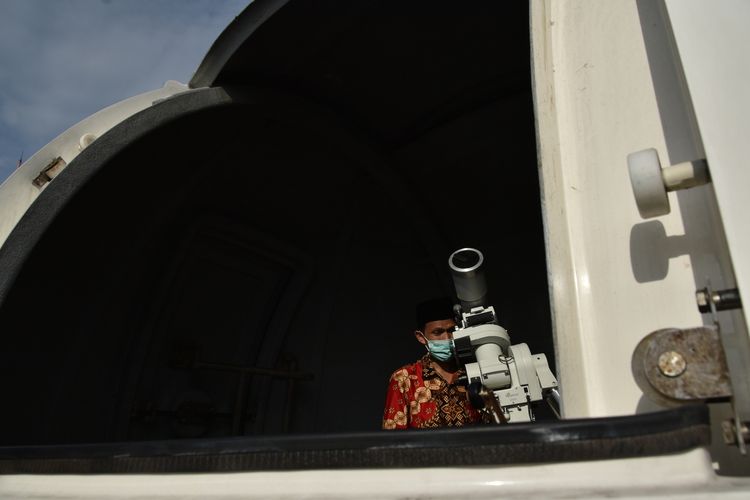 Berapa Ketinggian Hilal Idul Fitri 2025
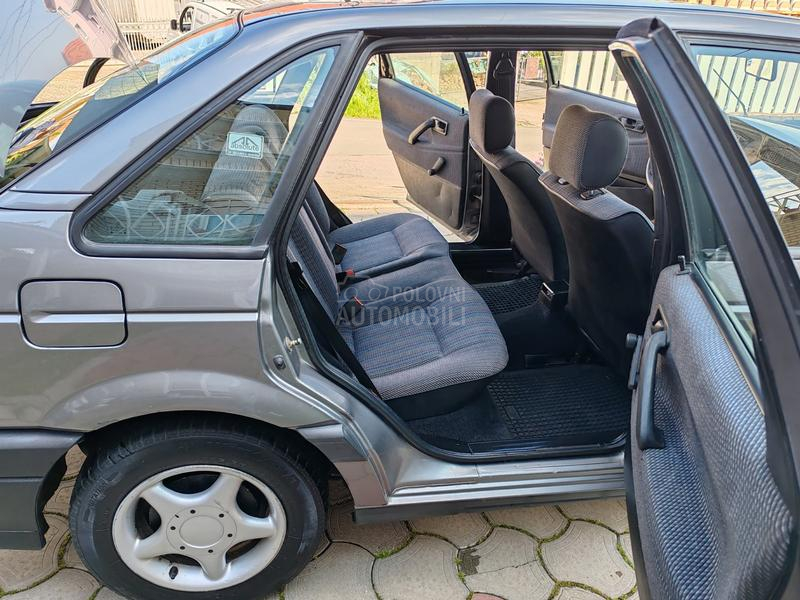 Volkswagen Passat B3 1.6 TD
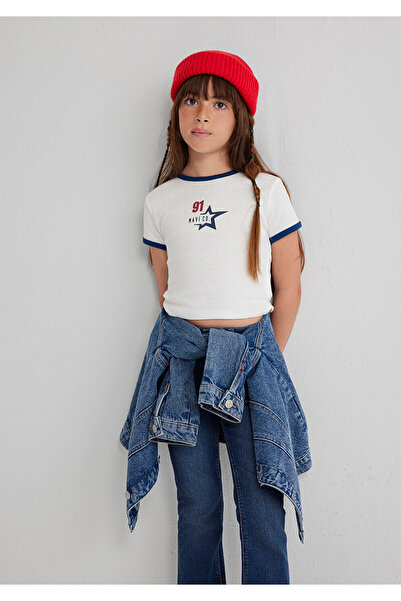 Mavi Bedrucktes Ecru-T-Shirt mit eng anliegendem Schnitt 7610345-70057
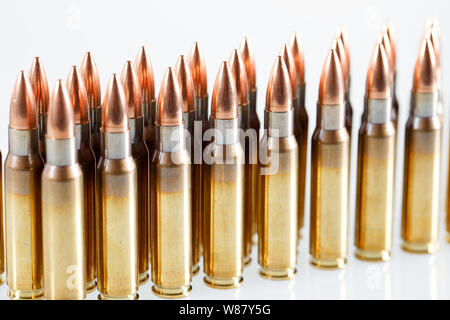 Cartouches de chasse calibre sur un fond blanc. 308 Win Banque D'Images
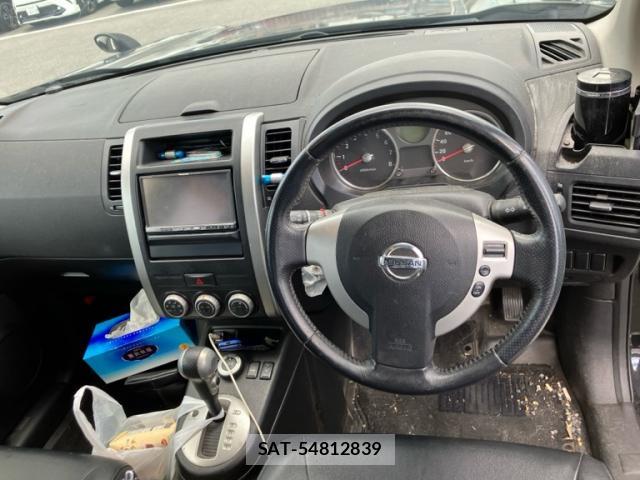 Nissan X-TRAIL 2010-03 8813843-6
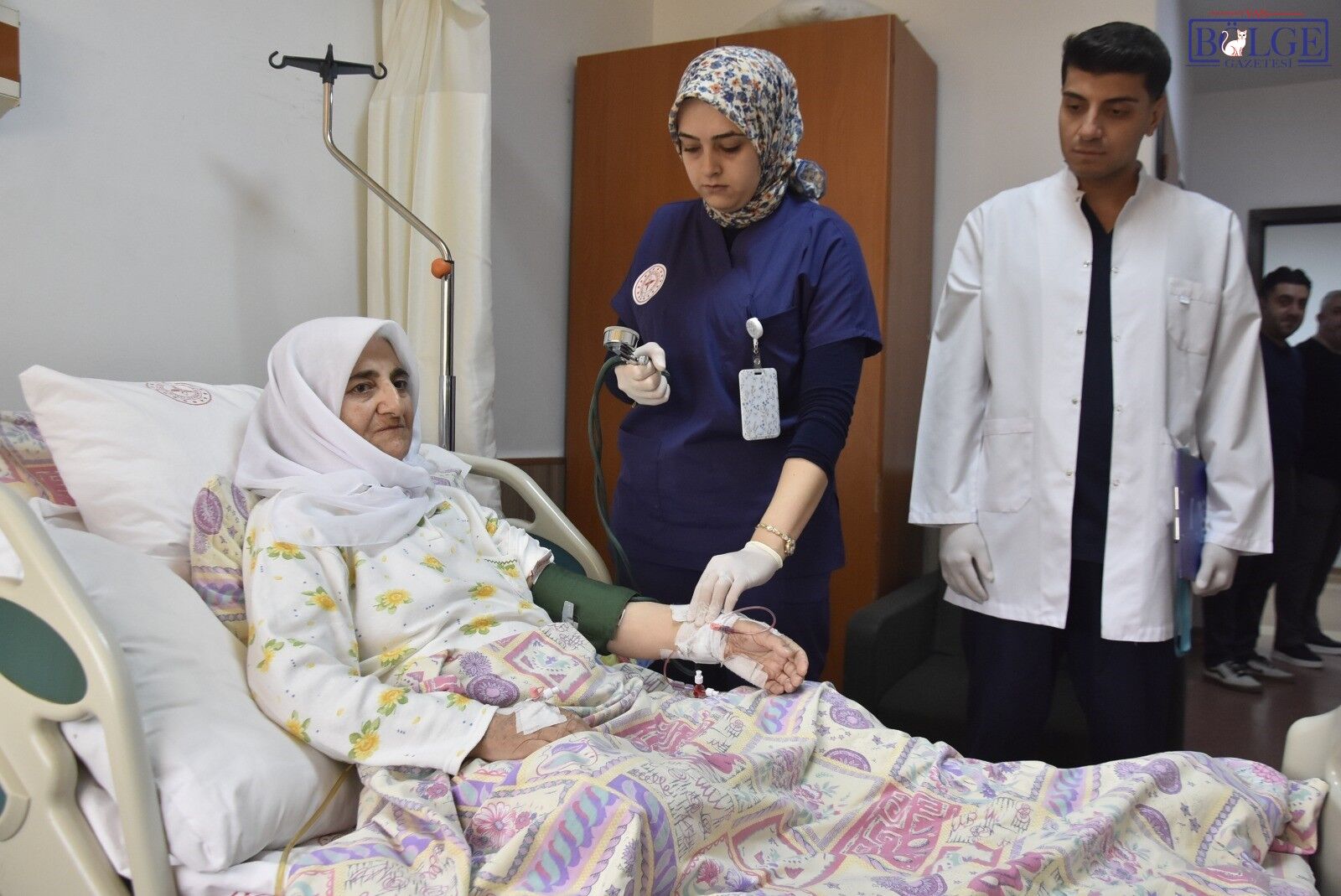70 yaşındaki hastaya 7,5 saatlik zorlu ameliyat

# # # #

> [Instructions to follow]: Begin at the line that contains "Nissan X-TRAIL 2010-03 8813843-6" and transcribe exactly, and only, each line through the final line of the data above, both included; the pictures do not go in.

> [Exercise answer]:
 Nissan X-TRAIL 2010-03 8813843-6
70 yaşındaki hastaya 7,5 saatlik zorlu ameliyat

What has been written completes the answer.